Grand-mère has always done the cooking, but these days, though she still stirs the sauce, she has yielded much of the heavy lifting to her sous-chef, Carlos Cisneros, 45, who has worked with her for 15 years.

This is a kitchen overseen by a grandmother who was taught in turn by her grandmother Julienne Meignen, “and also my aunt, Marie Ribon,” she said. 

And in 1943, in the German-French border town Saarbrücken, it was Ms. Bruno and her aunt who gave some bread and other morsels to an underfed French prisoner, Alfred Bruno, who was toiling in a Nazi work camp. A year later, Ms. Bruno surreptitiously opened the barbed wire at the camp, she said, to permit his escape to Metz. 

They were married in 1945, but no film for the camera was to be had, so their wedding picture could not be taken until later that year.

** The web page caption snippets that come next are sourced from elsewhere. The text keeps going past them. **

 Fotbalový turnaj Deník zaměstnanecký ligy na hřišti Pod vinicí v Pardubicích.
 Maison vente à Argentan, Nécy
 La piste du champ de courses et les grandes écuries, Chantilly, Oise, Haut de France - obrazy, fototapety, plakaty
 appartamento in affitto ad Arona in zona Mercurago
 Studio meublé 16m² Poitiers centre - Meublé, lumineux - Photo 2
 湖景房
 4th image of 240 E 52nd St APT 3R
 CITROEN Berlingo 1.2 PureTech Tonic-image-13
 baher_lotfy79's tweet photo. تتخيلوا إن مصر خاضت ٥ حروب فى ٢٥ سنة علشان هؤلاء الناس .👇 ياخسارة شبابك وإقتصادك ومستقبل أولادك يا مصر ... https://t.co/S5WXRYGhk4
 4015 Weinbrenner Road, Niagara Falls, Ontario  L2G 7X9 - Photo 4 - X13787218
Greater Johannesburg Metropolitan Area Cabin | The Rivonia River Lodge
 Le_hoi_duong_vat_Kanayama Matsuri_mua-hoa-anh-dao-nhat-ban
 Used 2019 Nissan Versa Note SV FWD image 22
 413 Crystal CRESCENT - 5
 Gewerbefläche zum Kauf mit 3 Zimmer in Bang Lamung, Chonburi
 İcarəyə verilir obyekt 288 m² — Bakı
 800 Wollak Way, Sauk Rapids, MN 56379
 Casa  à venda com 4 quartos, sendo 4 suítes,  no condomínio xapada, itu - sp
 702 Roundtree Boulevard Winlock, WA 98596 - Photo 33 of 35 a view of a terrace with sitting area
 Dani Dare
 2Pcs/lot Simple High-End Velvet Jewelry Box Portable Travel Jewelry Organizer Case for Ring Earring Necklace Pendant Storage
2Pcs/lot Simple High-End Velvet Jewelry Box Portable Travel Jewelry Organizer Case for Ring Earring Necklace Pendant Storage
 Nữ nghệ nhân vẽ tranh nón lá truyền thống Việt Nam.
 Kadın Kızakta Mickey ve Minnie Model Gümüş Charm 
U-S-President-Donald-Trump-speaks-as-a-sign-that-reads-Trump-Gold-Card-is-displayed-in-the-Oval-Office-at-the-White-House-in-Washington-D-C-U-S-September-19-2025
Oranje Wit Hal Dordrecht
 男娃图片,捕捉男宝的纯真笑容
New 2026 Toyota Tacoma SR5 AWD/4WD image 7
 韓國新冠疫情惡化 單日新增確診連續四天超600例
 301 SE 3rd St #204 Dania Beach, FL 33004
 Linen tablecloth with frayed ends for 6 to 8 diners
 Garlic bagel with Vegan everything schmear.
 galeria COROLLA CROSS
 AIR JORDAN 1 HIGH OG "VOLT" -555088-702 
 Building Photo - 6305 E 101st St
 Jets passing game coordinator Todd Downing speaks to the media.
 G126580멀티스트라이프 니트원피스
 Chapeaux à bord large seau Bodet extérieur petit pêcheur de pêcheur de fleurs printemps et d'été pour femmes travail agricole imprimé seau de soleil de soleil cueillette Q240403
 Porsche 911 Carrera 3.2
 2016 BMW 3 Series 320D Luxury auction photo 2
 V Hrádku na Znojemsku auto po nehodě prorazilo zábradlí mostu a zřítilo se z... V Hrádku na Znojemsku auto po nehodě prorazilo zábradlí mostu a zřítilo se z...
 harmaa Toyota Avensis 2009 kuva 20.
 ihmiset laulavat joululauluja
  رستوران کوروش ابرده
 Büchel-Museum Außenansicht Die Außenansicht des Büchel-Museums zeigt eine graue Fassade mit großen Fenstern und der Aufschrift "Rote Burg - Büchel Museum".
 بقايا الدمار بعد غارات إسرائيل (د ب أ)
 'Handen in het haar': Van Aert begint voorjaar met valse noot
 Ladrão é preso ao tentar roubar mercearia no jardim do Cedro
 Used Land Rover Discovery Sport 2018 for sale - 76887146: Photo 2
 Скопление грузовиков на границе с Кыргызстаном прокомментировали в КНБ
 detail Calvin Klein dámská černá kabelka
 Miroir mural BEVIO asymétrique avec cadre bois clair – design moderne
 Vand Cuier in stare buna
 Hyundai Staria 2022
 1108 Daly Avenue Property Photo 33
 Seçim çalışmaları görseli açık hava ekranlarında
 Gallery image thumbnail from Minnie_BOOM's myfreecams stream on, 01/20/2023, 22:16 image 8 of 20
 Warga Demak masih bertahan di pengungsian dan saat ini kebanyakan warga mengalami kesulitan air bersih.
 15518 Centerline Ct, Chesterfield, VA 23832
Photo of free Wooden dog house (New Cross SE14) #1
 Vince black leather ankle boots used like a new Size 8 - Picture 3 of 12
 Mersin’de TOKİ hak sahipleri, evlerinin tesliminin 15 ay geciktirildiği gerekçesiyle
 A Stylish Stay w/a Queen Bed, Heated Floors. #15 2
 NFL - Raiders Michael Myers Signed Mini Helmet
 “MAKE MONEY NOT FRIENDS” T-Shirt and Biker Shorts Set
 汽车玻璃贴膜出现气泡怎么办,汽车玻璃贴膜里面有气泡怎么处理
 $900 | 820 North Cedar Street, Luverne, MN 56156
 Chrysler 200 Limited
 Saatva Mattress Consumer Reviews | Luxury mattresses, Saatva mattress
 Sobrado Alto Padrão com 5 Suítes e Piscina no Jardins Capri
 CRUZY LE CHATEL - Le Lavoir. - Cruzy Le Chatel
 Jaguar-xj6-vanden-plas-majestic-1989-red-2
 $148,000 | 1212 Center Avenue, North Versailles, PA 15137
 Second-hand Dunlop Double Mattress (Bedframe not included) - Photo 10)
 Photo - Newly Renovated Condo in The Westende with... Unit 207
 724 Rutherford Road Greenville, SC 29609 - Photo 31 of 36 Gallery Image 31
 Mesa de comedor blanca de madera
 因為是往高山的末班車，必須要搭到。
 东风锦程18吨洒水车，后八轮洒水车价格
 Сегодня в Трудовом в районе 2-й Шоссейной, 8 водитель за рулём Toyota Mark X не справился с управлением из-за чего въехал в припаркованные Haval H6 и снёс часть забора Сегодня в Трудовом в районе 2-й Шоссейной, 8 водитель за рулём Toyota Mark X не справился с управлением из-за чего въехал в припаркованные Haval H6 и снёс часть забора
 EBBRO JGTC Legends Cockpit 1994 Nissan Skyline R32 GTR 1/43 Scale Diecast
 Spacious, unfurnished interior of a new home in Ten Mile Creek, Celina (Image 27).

It now hangs on the restaurant wall, and Marguerite’s welcoming face is just the same as it is now, save for a timeworn resemblance to the actresses Simone Signoret and Isabelle Huppert. 

For nine years, Marguerite and Alfred operated L’Hôtel du Puy, a hotel-restaurant in Auron, a ski town in the foothills of the Alps. But since the Brunos were unable to buy the property, and the French economy was crashing, “we decided to come to America,” said Ms. Bruno, who spoke in English and French, with translation by her grandson and her daughter, Elyane, 61, who runs Chez Napoléon and usually answers the phone. 

The Brunos arrived in New York in 1975 and opened a restaurant, L’Esterel, at 58th Street and First Avenue; it closed, and Ms. Bruno cooked in several places before buying the tiny, tidy, busy kitchen at Chez Napoléon in 1982.

“It is so hard to keep our prices reasonable, as the cost of meat and fish go up and up,” Ms. Bruno said. The restaurant, like so many other old-timers, is trying to negotiate a new lease for next year. “Rents are a problem for all of us,” she said. 

On the walls are reproduction French flintlocks, a battered trumpet, a map of Paris in 1578 and Napoleonic murals, some painted by Mr. Bruno, who died in 1992. There are also framed jigsaw puzzles (the restaurant sells a “menu” of puzzles with designs ranging from paintings by Monet to the ocean liner Normandie, from $17 to $22).

And in one of the two mini dining rooms is a framed facsimile of the Little Corporal’s renowned 1821 letter to the French before his death. “People ask if it is real,” Ms. Bruno said. “If it were real, would we have it on the wall?” 

Her daughter shook her head. “Napoléon,” she said, “his handwriting was very bad.” 

Ms. Bruno padded from the kitchen to the bar and sat before her grandson at the lone seat. “I only started drinking Scotch when I came to America,” she said of her custom of sipping “just one glass of Dewar’s” after the dinner rush. 
“But we are allowed,” her grandson said fondly, “to fill that glass again.”